WHAT TO WORK ON.
Please repeat the lines below, exactly and only, from the one that holds "Hi guys, today" through the one that holds "We're now going".

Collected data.
******************************

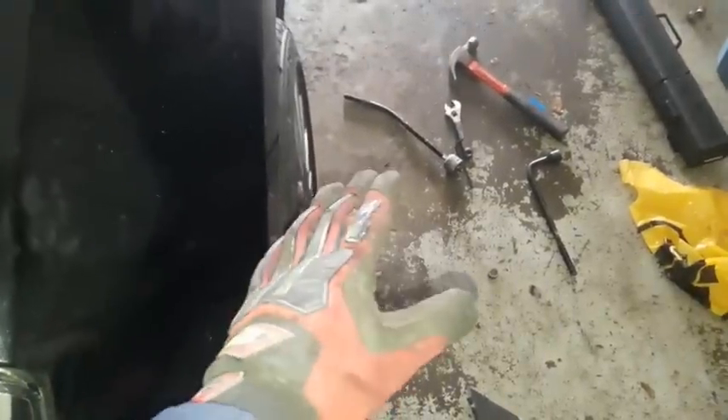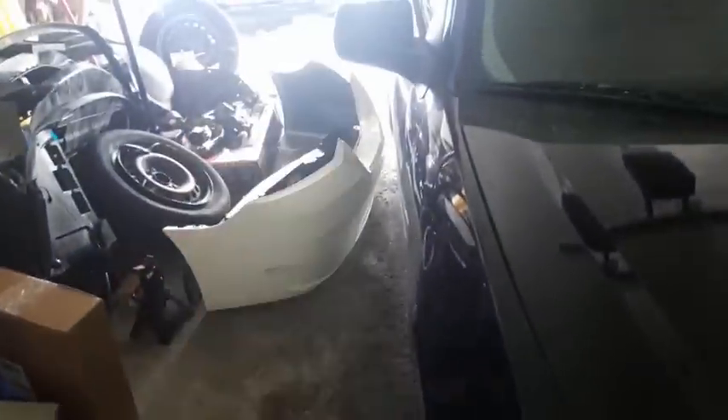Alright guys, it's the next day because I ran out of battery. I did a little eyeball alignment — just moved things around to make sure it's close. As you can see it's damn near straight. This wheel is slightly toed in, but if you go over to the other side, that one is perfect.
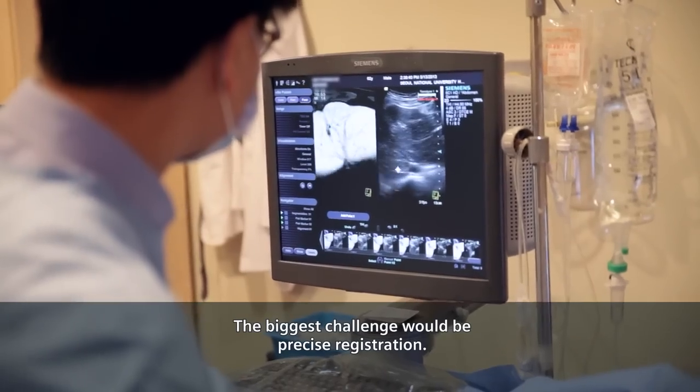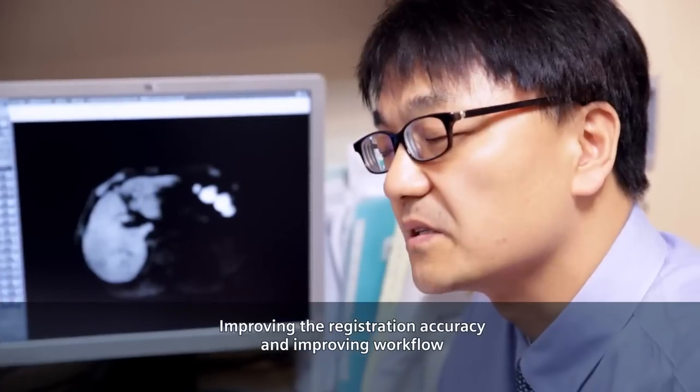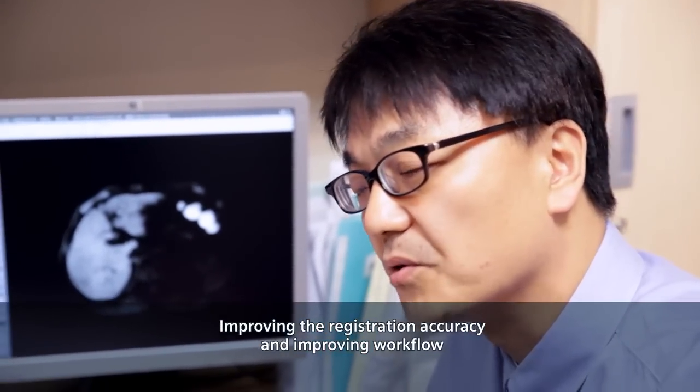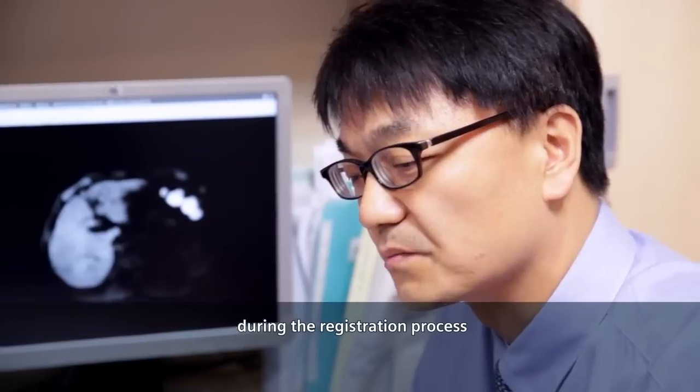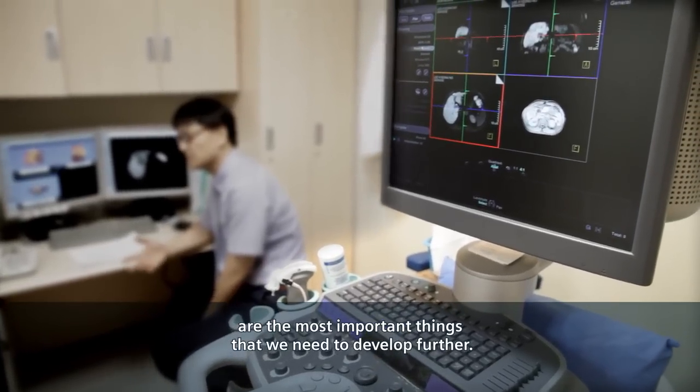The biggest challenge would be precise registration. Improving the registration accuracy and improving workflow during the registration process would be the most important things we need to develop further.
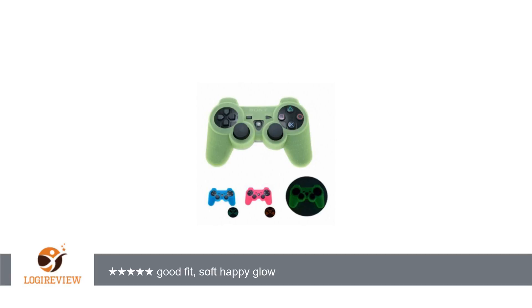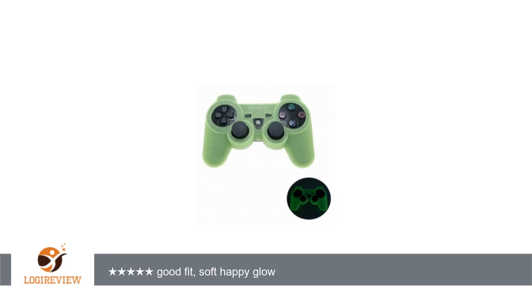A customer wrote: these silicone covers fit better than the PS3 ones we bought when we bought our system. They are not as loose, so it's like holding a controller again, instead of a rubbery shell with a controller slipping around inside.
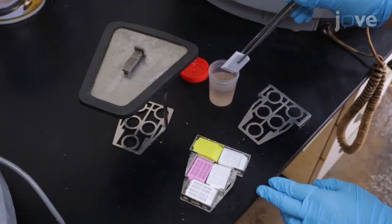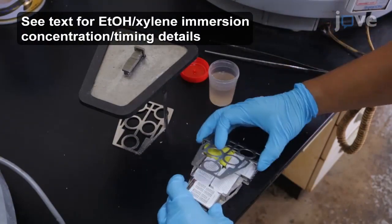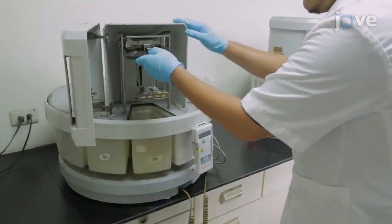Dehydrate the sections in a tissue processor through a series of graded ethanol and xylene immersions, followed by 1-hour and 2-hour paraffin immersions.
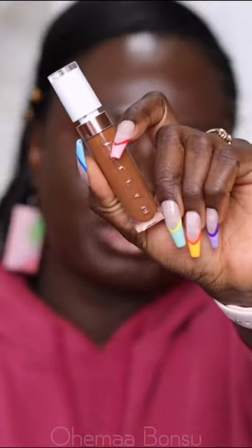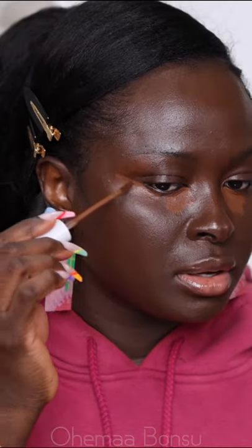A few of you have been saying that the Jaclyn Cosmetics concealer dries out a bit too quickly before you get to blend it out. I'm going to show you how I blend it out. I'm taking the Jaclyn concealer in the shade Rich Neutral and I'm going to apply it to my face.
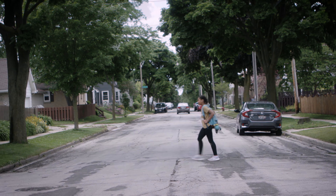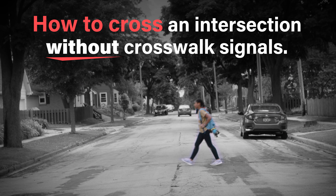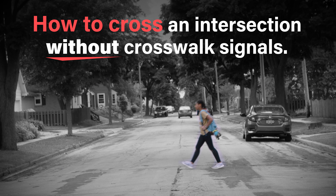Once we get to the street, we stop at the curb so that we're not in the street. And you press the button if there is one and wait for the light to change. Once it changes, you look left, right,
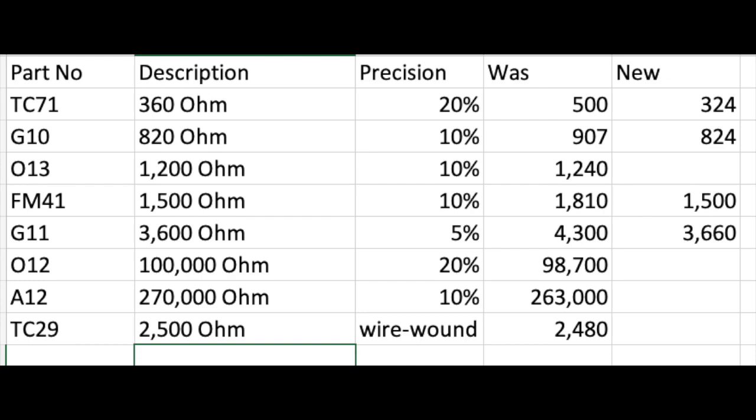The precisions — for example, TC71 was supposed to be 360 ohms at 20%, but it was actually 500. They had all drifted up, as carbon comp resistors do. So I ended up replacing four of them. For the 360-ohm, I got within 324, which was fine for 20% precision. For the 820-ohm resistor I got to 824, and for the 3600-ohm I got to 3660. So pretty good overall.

******************************

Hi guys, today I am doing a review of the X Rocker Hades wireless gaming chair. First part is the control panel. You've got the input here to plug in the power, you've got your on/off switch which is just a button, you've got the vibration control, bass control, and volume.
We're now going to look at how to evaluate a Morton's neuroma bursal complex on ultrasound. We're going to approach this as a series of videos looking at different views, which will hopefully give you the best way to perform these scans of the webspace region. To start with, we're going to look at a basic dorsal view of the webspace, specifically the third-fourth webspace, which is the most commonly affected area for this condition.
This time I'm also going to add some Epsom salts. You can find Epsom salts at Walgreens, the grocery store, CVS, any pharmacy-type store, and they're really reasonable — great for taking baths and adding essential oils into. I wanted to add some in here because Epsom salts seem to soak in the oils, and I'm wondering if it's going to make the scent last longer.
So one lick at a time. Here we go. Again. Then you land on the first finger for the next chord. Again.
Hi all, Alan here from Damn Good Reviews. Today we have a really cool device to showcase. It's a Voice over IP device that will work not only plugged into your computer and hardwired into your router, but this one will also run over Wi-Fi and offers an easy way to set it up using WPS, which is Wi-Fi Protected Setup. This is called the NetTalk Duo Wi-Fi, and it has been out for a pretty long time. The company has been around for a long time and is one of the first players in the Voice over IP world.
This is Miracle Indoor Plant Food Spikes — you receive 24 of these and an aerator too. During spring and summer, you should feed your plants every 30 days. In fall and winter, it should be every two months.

******************************

FINISHED EXERCISE.
Hi guys, today I am doing a review of the X Rocker Hades wireless gaming chair. First part is the control panel. You've got the input here to plug in the power, you've got your on/off switch which is just a button, you've got the vibration control, bass control, and volume.
We're now going to look at how to evaluate a Morton's neuroma bursal complex on ultrasound. We're going to approach this as a series of videos looking at different views, which will hopefully give you the best way to perform these scans of the webspace region. To start with, we're going to look at a basic dorsal view of the webspace, specifically the third-fourth webspace, which is the most commonly affected area for this condition.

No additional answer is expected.